Strings can contain special/escaped characters such as `\"`, `\\`, `\n`. For `\\` and `\"`, the resulting value should just contain the character after the backslash `\`. For `\n`, `\t` and `\0` the resulting value should contain a newline, tab and null-byte character respectively. The implementation will make this transformation while matching the string.
The resulting value also does not contain the surrounding double quotes `" "`
```ts
class Lexer {
// ...
public next(): Token | null {
// ...
if (this.test("\"")) {
this.step();
let value = "";
while (!this.done() && !this.test("\"")) {
if (this.test("\\")) {
this.step();
if (this.done())
break;
value += {
"n": "\n",
"t": "\t",
"0": "\0",
}[this.current()] ?? this.current();
} else {
value += this.current();
}
this.step();
}
if (this.done() || !this.test("\"")) {
console.error(
`Lexer: unclosed/malformed string`
+ ` at ${pos.line}:${pos.col}`,
);
return this.token("error", pos);
}
this.step();
return { ...this.token("string", pos), stringValue: value };
}
// ...
}
// ...
}
```
A string starts with a double quote `"`. This character is ignored. We then look at every character up until an __unescaped__ double quote `"`, meaning a string may contain escaped double quote characters `\"`. When the loop is done, we check whether we've hit a closing double quote `"` or if we've reached EOF. If we've reached EOF, we emit an error and return a special `error` token. If we've reached the enclosing quote `"`, we ignore and step over it and return a string token.
While looking at each character, we check if it's a backslash `\`. If so, we ignore the escaping backslash and handle the next character like either special characters, eg. `n` should be a newline character, or just an escaped character, eg. an escaped double quote.

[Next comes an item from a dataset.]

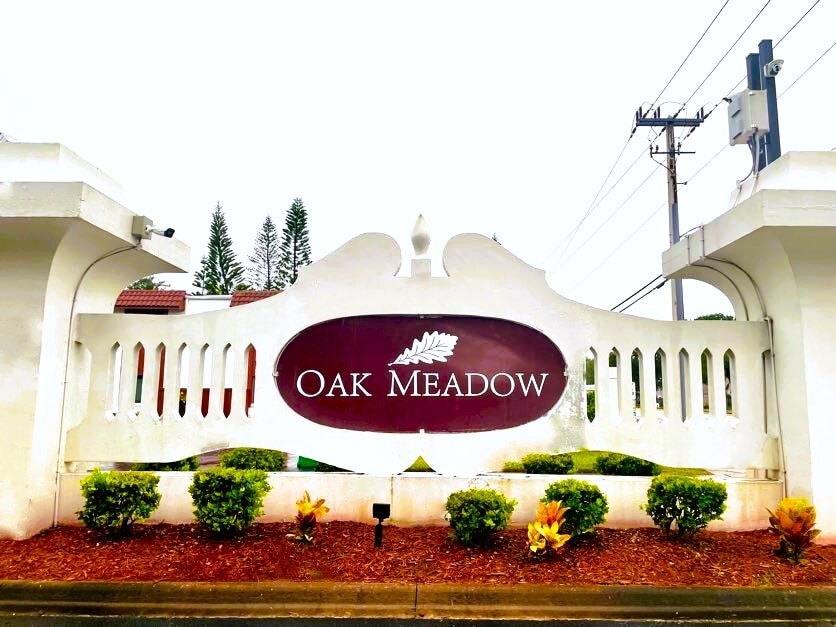 Primary Photo - 2053 Oak Meadow Cir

Operators and punctionation such as plus `+`, left curlybrace `{` and semicolon `;` are single character static tokens. Operators such as double equal `==` are multi character static tokens.
```ts
class Lexer {
// ...
public next(): Token | null {
// ...
if (this.test(/[\+\{\};]/)) {
const first = this.current();
this.step();
if (first === "=" && !this.done() && this.test("=")) {
this.step();
return this.token("==", pos);
}
return this.token(first, pos);
}
// ...
}
// ...
}
```
The clause checks for any one of the characters. For single character tokens, it saves the character for use as the token type. Then it `.step()`s and returns a token with the character as the token type. For multi character tokens, we check the first character again for specific characters, and then match another token if necessary.
Note: The reason `+`, `{`, `}` are escaped, is because they are special regex characters. In Javascript all non-letters can safely be escaped and all letters are safe to use.

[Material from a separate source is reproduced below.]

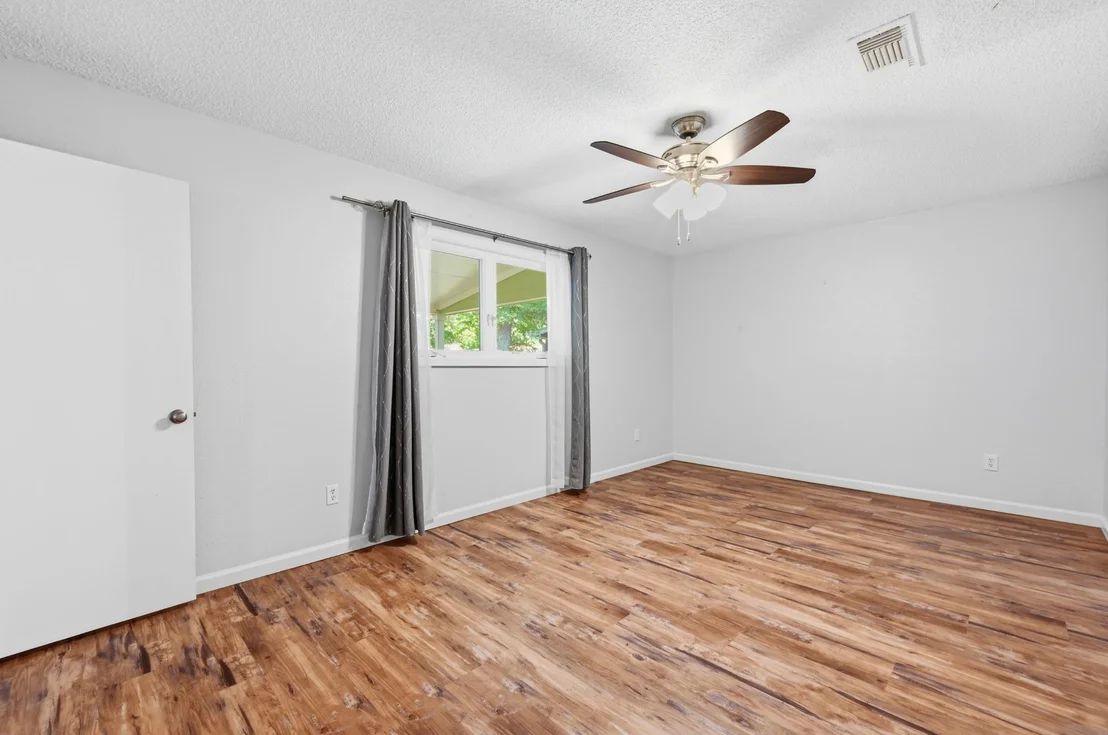 Photo of 5509 Porsche LN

2. Implement the keywords: `true`, `false`, `null`, `or`, `and`, `not`, `loop`, `break`, `let`, `fn` and `return`.
3. \* Implement single line comments using `//` and multiline comments using `\*` and `*\` (\*\* extra points if multiline comments can be nested, eg. `/* ... /* ... */ ... */`).
4. \* Reimplement integers such that integers are either `0` or start with `[1-9]`.